(Records from a data source)
────────

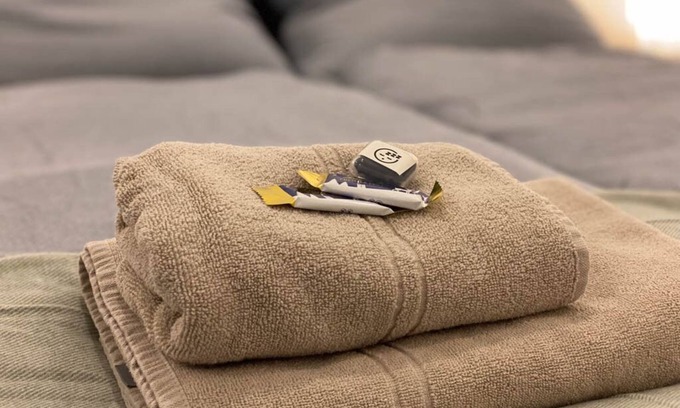 Dillenburg Apartment | Qonroom for 4 Ntflx Kitchen Comfy Sofa
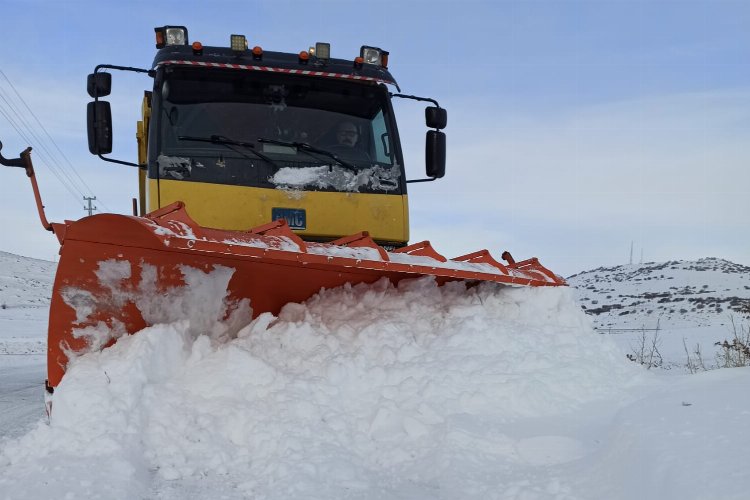 Kayseri Büyükşehir'den karla yoğun mücadele -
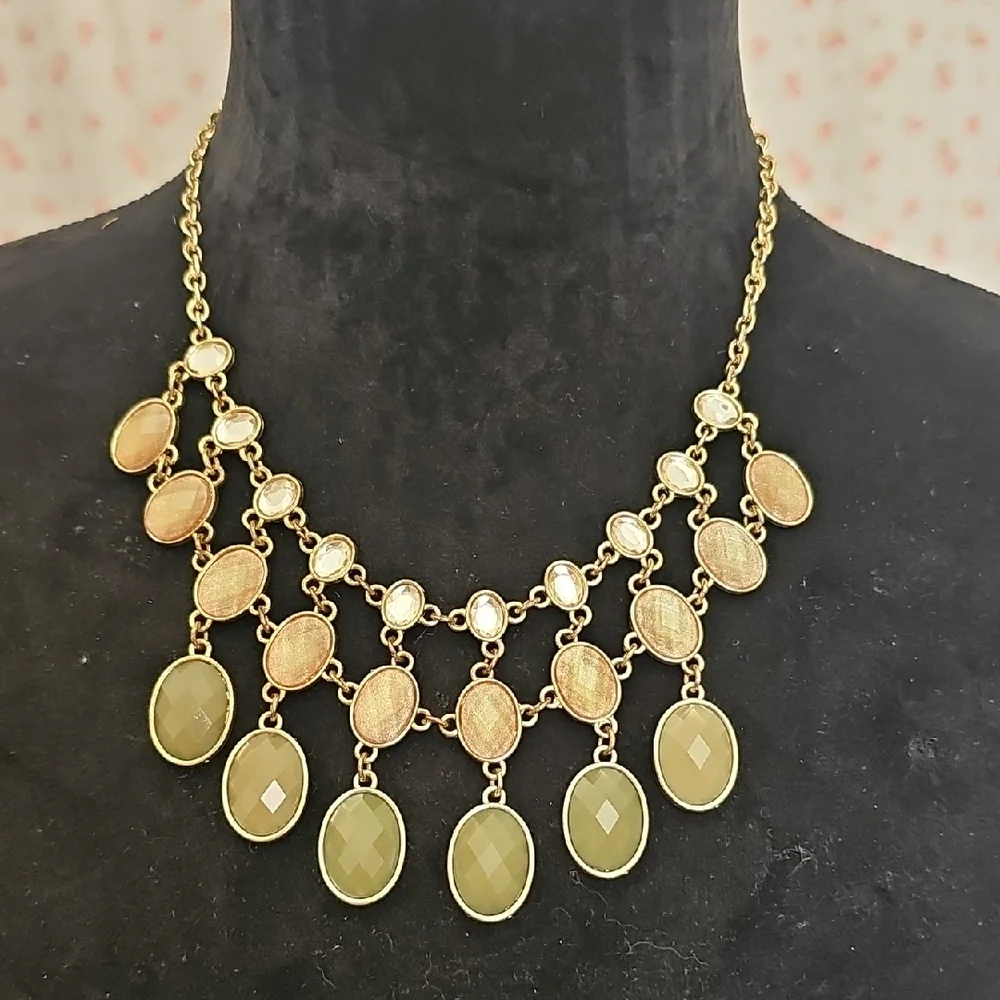 NY Collection Statement Necklace 🌠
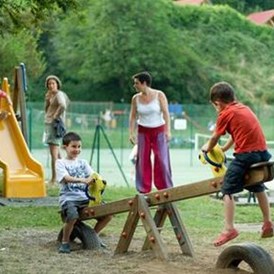 Wohnmobilstellplatz: Der Kinderspielplatz - Stellplatz Huttopia Royat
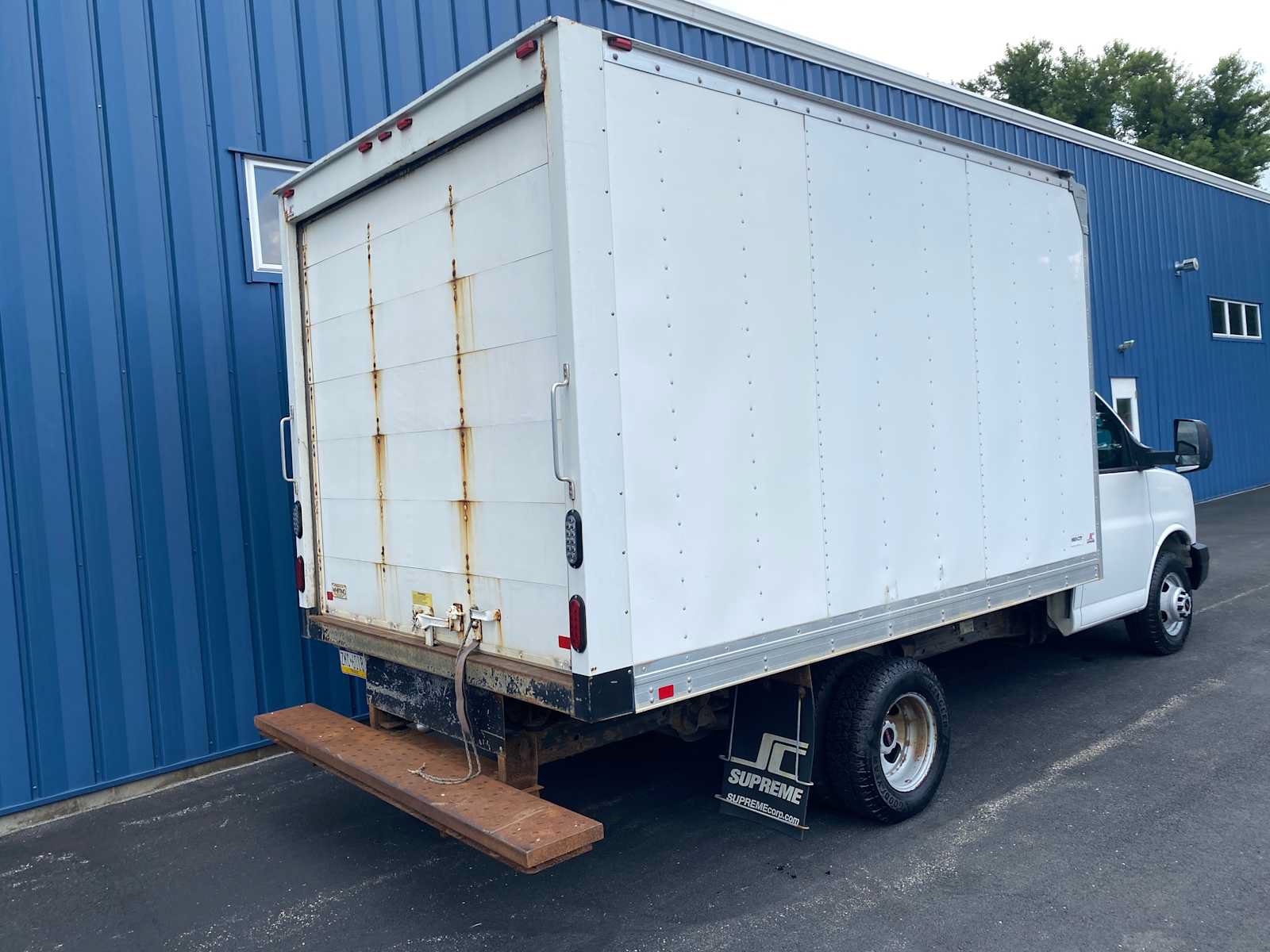 Used 2015 GMC Savana 3500 RWD image 4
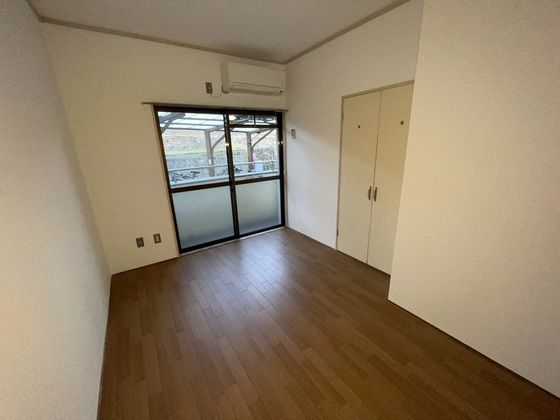 ベッドルーム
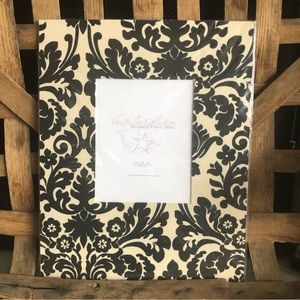 New 16 x 20 Designer Fabric mat with a opening for 8 x 10 mage comes shr…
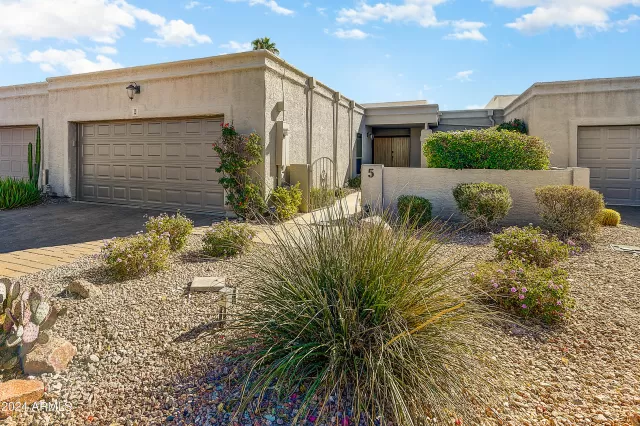 MLS: 6790094 Condo For Sale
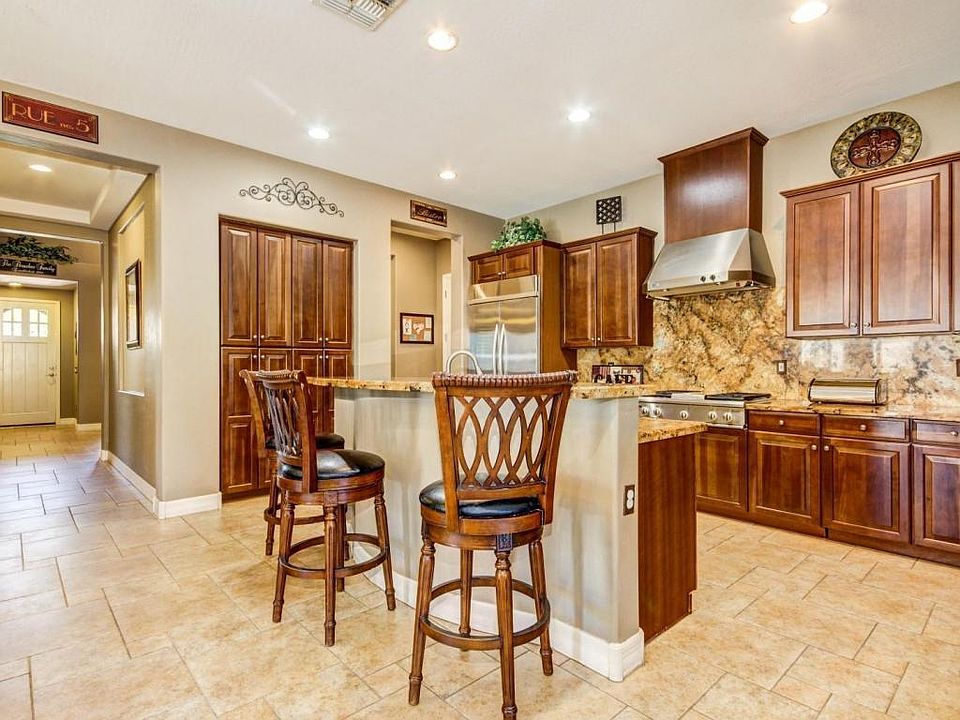 1st image of 20461 W Lost Creek Dr E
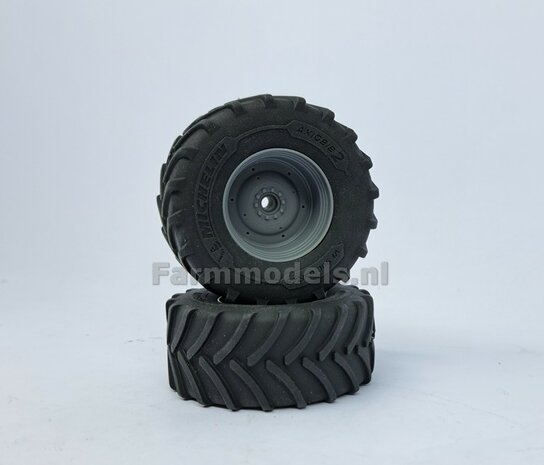 &Oslash; 70.6 x 30.4 mm: MASSEY FERGUSON 9S: 2x Michelin Axiobib2 Banden + RESIN Velgen BLANK geleverd 1:32     Premium Line Series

────────

§ **Goal of the exercise**
Each line from the one that contains "Wohnmobilstellplatz: Der Kinderspielplatz" down to the one that contains "1st image of 20461 W Lost Creek Dr E" is to be returned exactly as it stands above, both ends included, with pictures removed.

§ **Answer**
 Wohnmobilstellplatz: Der Kinderspielplatz - Stellplatz Huttopia Royat
 Used 2015 GMC Savana 3500 RWD image 4
 ベッドルーム
 New 16 x 20 Designer Fabric mat with a opening for 8 x 10 mage comes shr…
 MLS: 6790094 Condo For Sale
 1st image of 20461 W Lost Creek Dr E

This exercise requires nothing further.